Or how about mixing ember tetras with bleeding heart tetras? Or maybe lemon with bleeding heart tetras? I'm still going to choose the ember tetras as my main school fish, but I wanna try and add another schooling fish too. Like mixing 10 ember tetras and 6-8 "other" tetra specie.

Or Lemon tetras with either harlequin rasboras or ember tetras!!! XD. *hides*


----------



## lilnaugrim (Mar 27, 2013)

For Tetra's, it doesn't matter how many ou have in a shoal unlike Tiger Barbs, they will always nip. I had a lovely school of 9 Long Fin Serpae Tetras, very similar to the Bleeding Hearts; I had one top-dog who seriously picked on EVERYONE's fins, not even just the Tetras. He picked on the rainbows, the Betta, the cories, even the little Otos! Terrible! I have 3 left that I keep meaning to scoop out and send back to the LFS. They're beautiful but not worth the stress!!

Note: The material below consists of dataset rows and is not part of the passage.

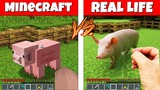 MINECRAFT vs REAL LIFE BATTLE / PIG COW WOLF ZOMBIE ENDERMAN ANIMATION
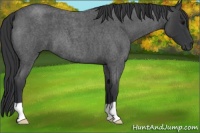 Horse Color:Blue Roan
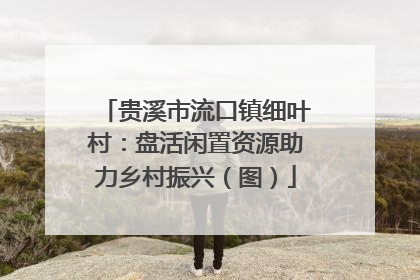 贵溪市流口镇细叶村：盘活闲置资源助力乡村振兴（图）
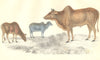ZEBU. Common Zebu; Small Zebu. GOLDSMITH. Hand coloured 1870 antique print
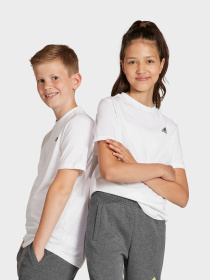 Футболка Adidas Essentials Small Logo модель IB4093 Фото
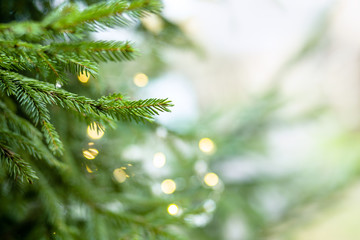 green spruce branches as a textured background. beautiful postcard from branch of spruce with lights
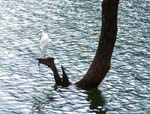 ... egret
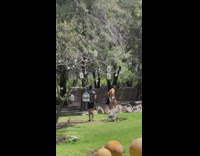 Shirtless man step on rocks  birdcages on tree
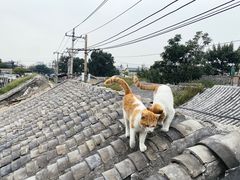 -前叁門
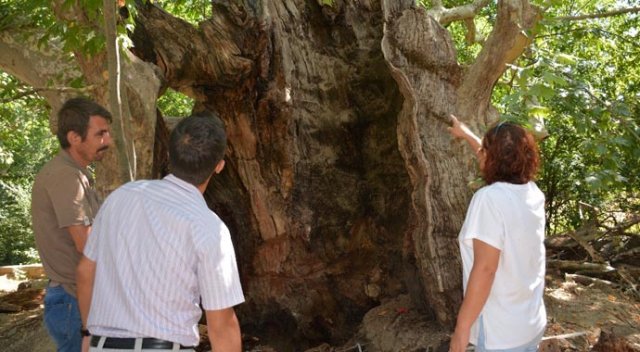 Bu ağaç bin 200 yıllık ağaç bakıma alındı Bu ağaç bin 200 yıllık ağaç bakıma alındı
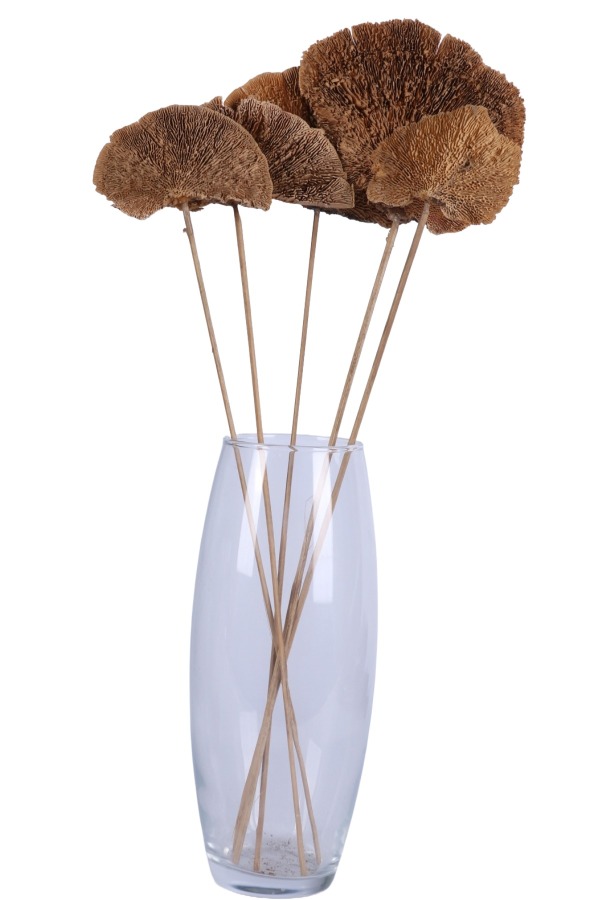 Kuru Çiçek Doğal Mushroom Mantar 50 Cm 5li - 2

As long as you have the minimum 6 for the single species, you can mix. HOWEVER, I would not mix micro fish with larger fish like the Embers and the Bleeding Hearts. All micro fish feel tooooons better when you have more like 12 of them and up. They'll school loosely and hang out together and give you a much better color. If you go less than 10 or so, they tend to hide more often and not get as bright of red.

You CAN do Harlequins and Embers though, Harlequins get a little bigger than Embers but not as much as the larger Tetras will. Or if you can find Espei Rasbora, those stay the same size as Embers and will look great with them.


----------



## Gariana (Jul 22, 2015)

I have a mix of espei and hengel's rasbora in my community tank. Absolutely gorgeous fish, espei are deep burning orange and hengel's silver with a slim neon orange stripe. As a group of 17 they look lovely, stay at the top half of the tank and never bother anyone.


----------



## manami (Feb 4, 2012)

Wow! The espei are prettier than the Harlequin Rasbora! But I haven't seen a espei rasbora here before...I hope I can find them >_<. I was recommended to check out two different LFS that sells supposedly more variety of fish. I'm gonna cross my fingers hoping to find the espei there. If not then I'll just get 12-15 ember ember.

I'm wondering...if I buy the finnex Monster Ray led light will it help the red color of the embers pop up more? And not just the fish's colors but also the plants looking better and maybe getting more light for the plants...especially the red ones.


----------